■ **Information provided**
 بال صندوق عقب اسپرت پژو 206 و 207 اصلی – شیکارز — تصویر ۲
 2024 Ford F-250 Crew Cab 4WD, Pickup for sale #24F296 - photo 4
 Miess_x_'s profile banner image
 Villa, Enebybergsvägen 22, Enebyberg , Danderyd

...

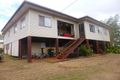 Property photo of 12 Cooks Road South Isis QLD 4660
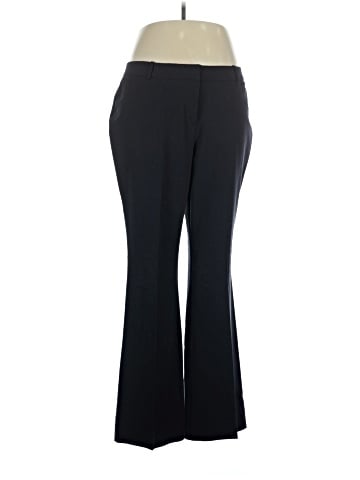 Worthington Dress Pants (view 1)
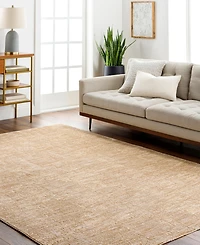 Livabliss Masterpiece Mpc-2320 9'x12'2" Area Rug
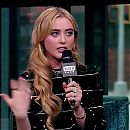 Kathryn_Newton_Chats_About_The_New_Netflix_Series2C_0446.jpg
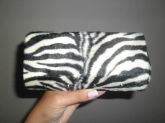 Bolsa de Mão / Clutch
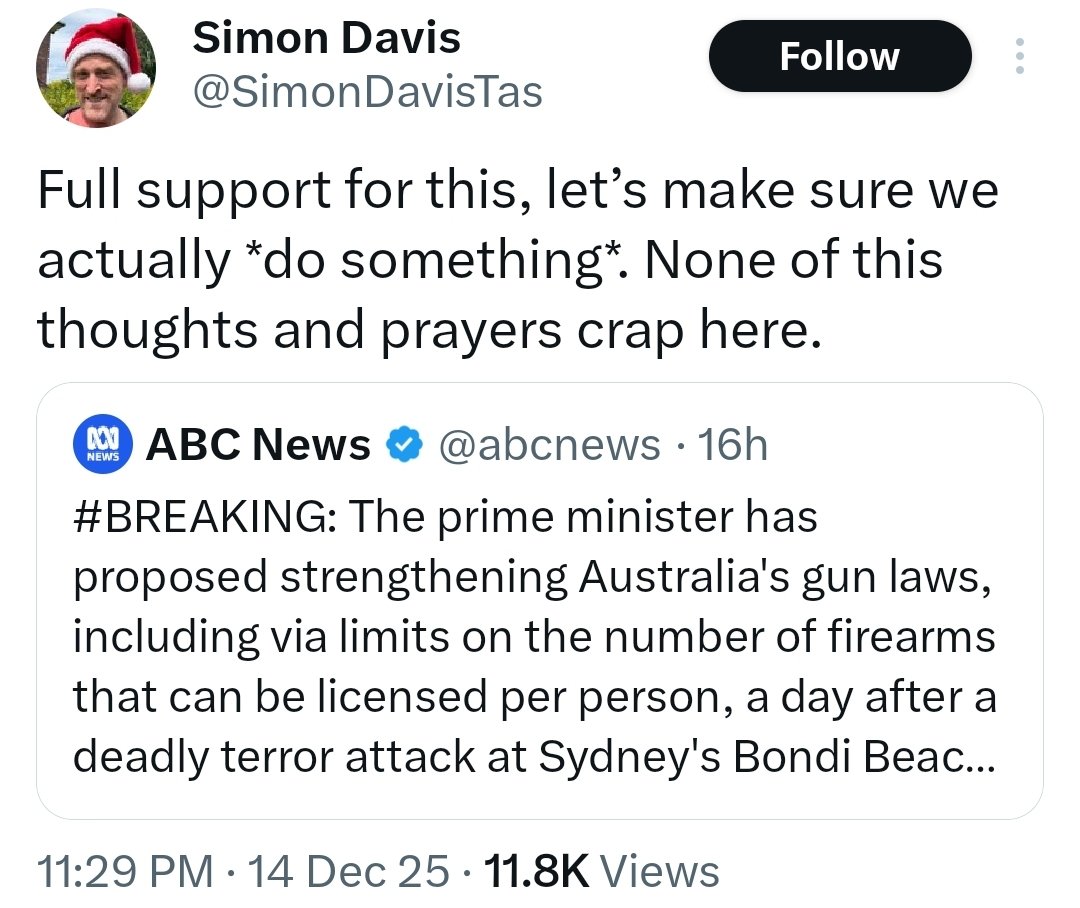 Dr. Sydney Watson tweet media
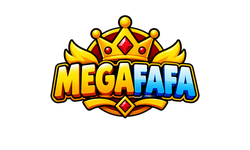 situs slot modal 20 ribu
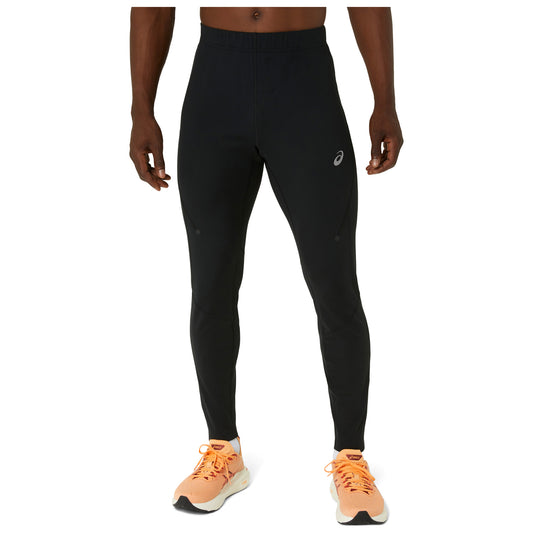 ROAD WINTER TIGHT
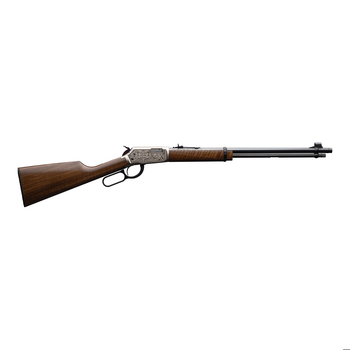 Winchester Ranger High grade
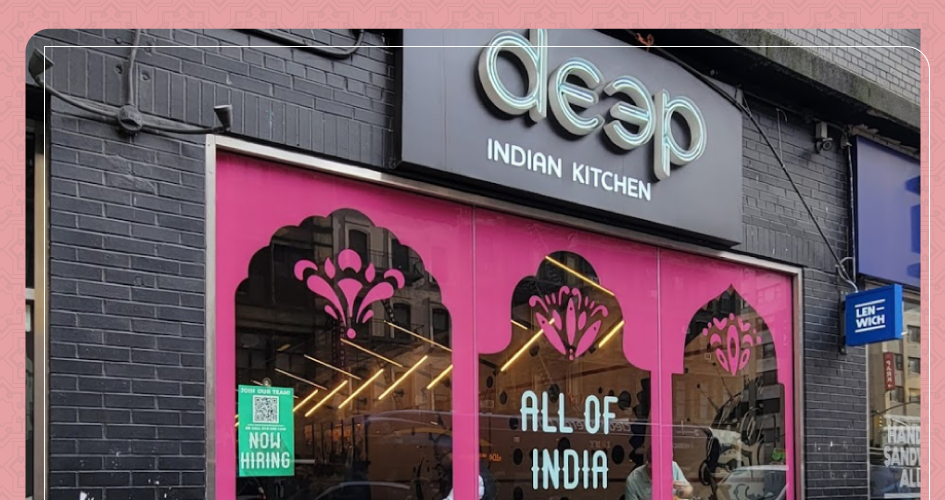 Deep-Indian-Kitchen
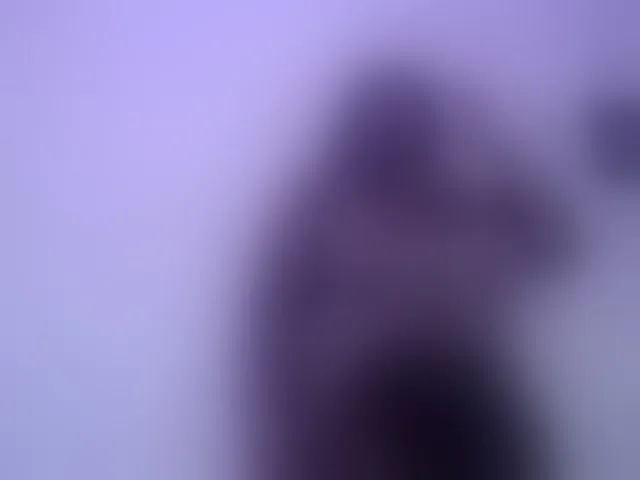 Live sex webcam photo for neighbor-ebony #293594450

■ **Your instructions**
Using the data above, reproduce exactly the lines between those holding "2024 Ford F-250" and "Villa, Enebybergsvägen 22, Enebyberg", inclusive, and no others.

■ **Exercise result**
 2024 Ford F-250 Crew Cab 4WD, Pickup for sale #24F296 - photo 4
 Miess_x_'s profile banner image
 Villa, Enebybergsvägen 22, Enebyberg , Danderyd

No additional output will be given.